#### Provided material:
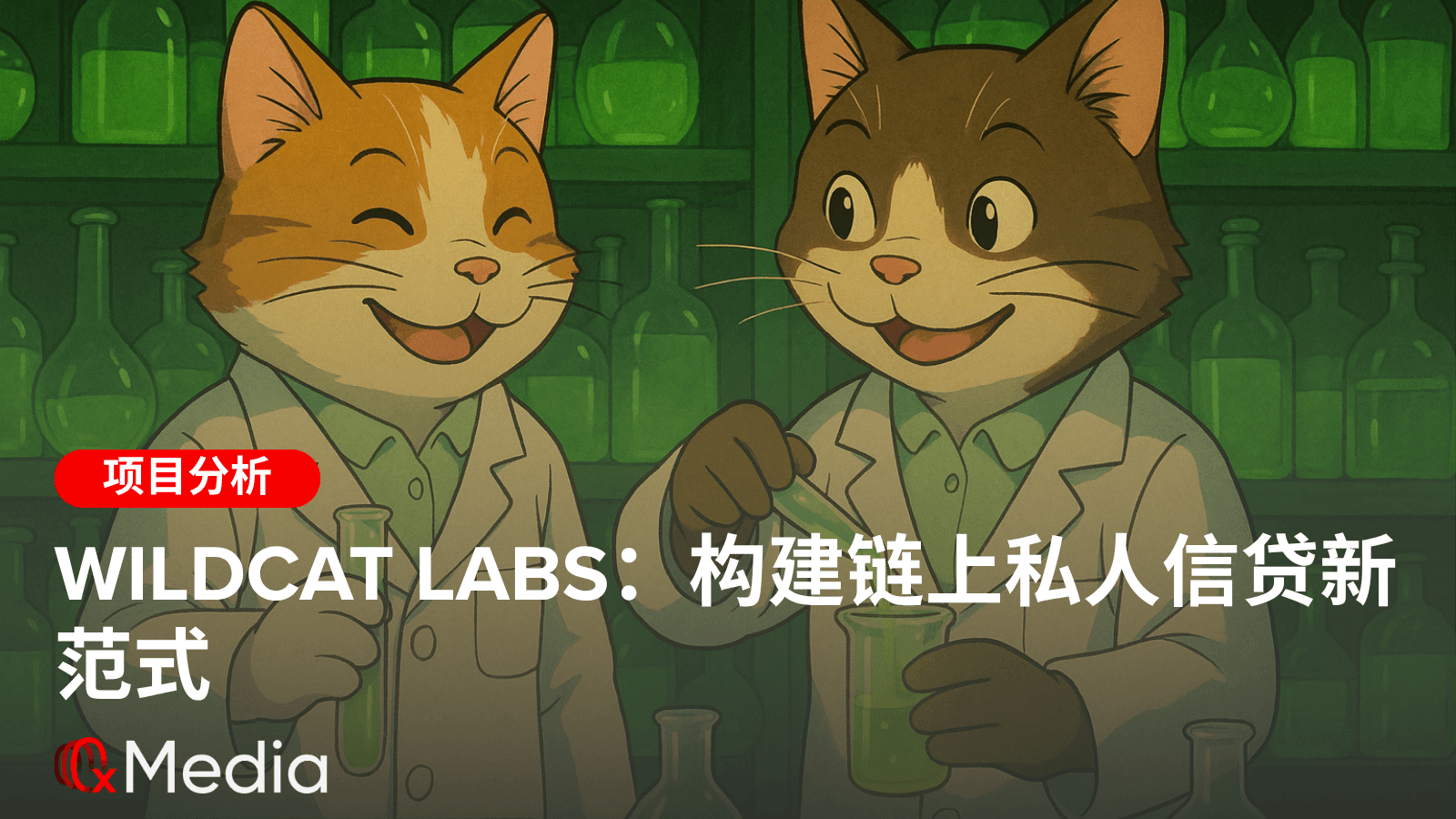 Wildcat Labs：构建链上私人信贷新范式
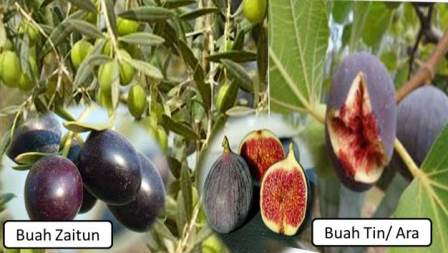 Detail Gambar Buah Tin Dan Zaitun Nomer 37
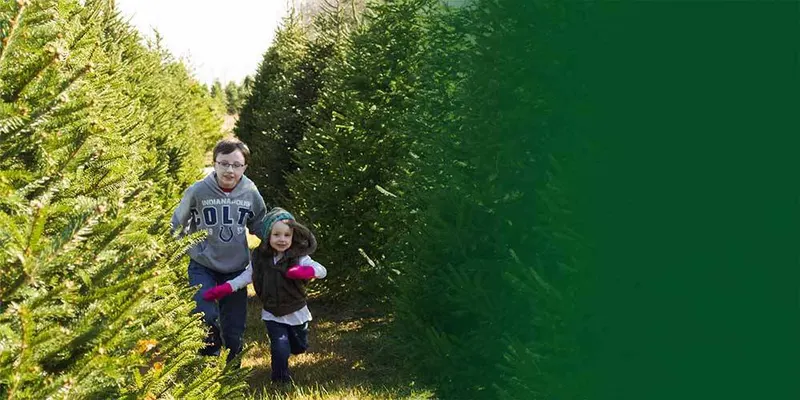 Piney Acres Tree Farm photo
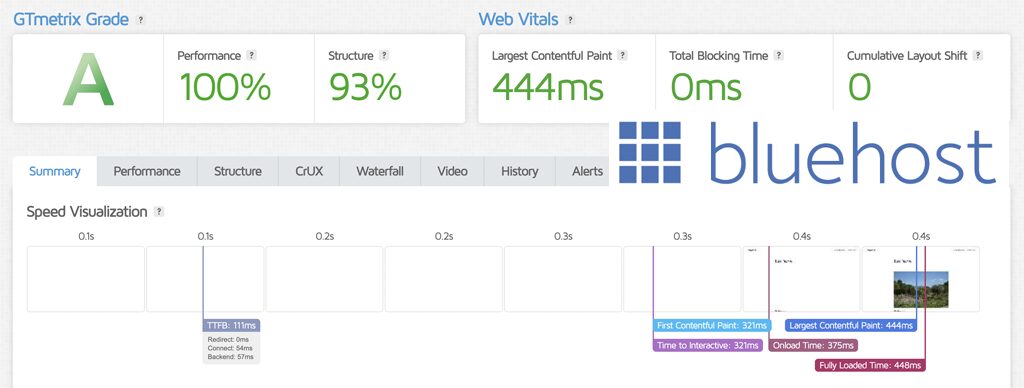 Bluehost Speed Test Results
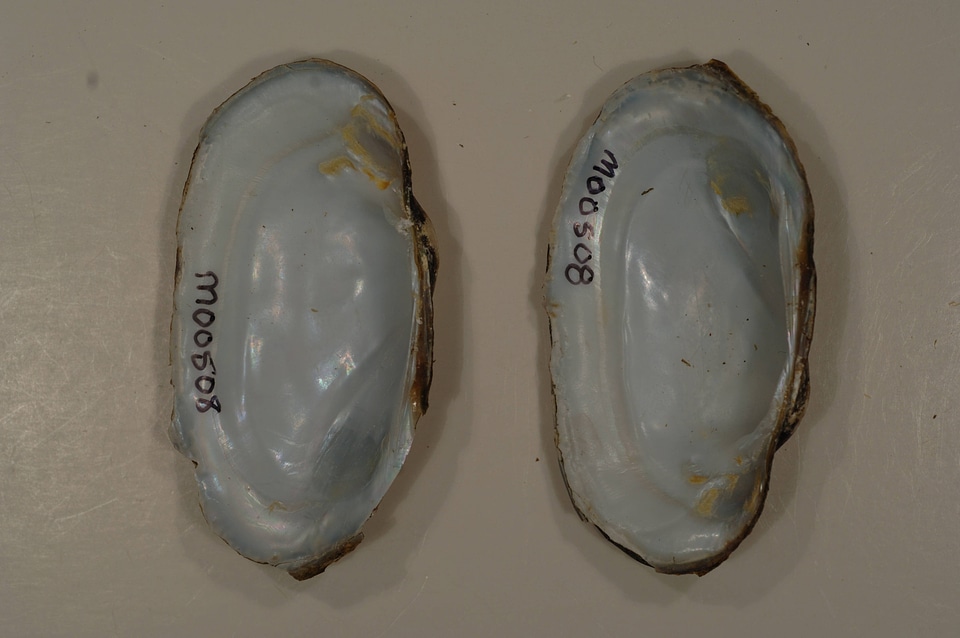 Lampsilis siliquoidea-4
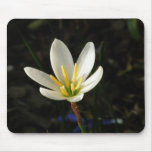 Rain Lily Mouse Mat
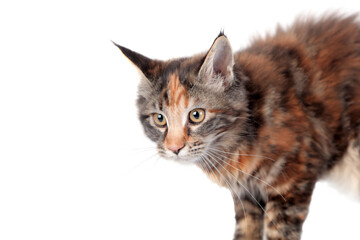 Portrait of tortoiseshell Maine Coon cat on white background. Cute kitten with amber eyes.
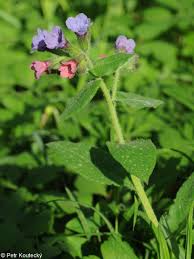 Image result for Pulmonaria officinalis
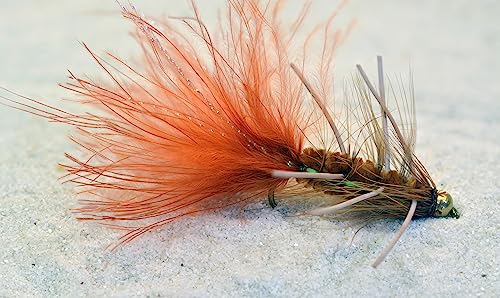 Weighted Bead Head Brown Woolly Bugger Streamer Fly with Rubber Legs & Flash Tied on Mustad Signature Hooks - 6 Flies (6ct Hook #4)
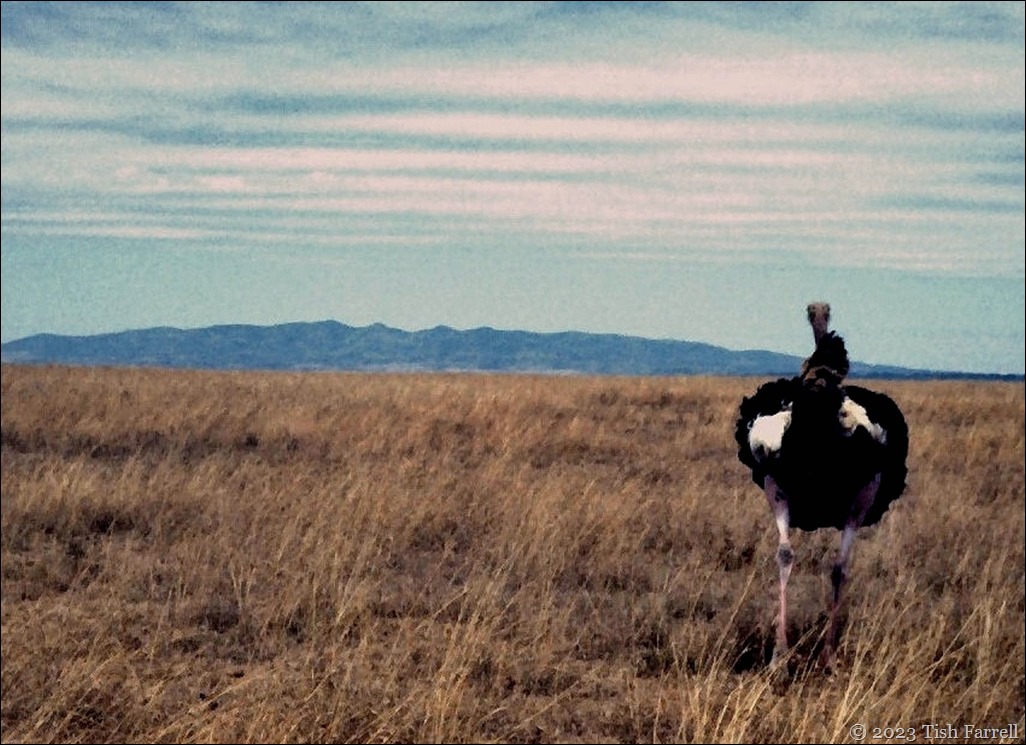 ostrich and Ngong hills best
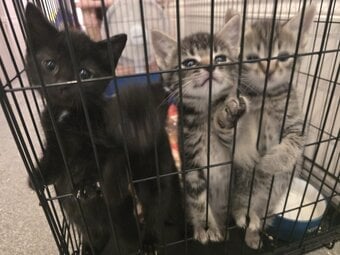Male and female X Bengal kittens 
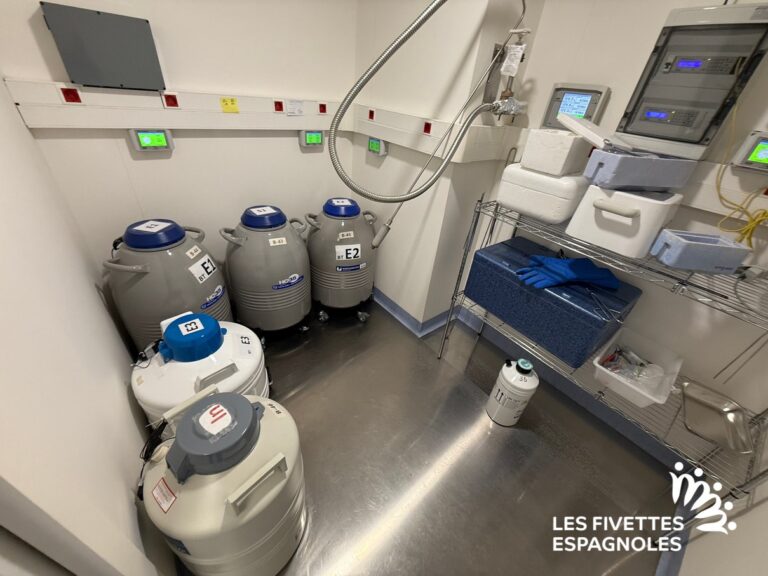 clinique fiv don ovocytes girexx barcelone 2025 (14)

#### Directions:
Look above for the line with "Bluehost Speed Test Results"; quote it and every line after it, stopping after the line with "ostrich and Ngong hills best", exactly, with nothing added and without pictures.

#### Written solution:
 Bluehost Speed Test Results
 Lampsilis siliquoidea-4
 Rain Lily Mouse Mat
 Portrait of tortoiseshell Maine Coon cat on white background. Cute kitten with amber eyes.
 Image result for Pulmonaria officinalis
 Weighted Bead Head Brown Woolly Bugger Streamer Fly with Rubber Legs & Flash Tied on Mustad Signature Hooks - 6 Flies (6ct Hook #4)
 ostrich and Ngong hills best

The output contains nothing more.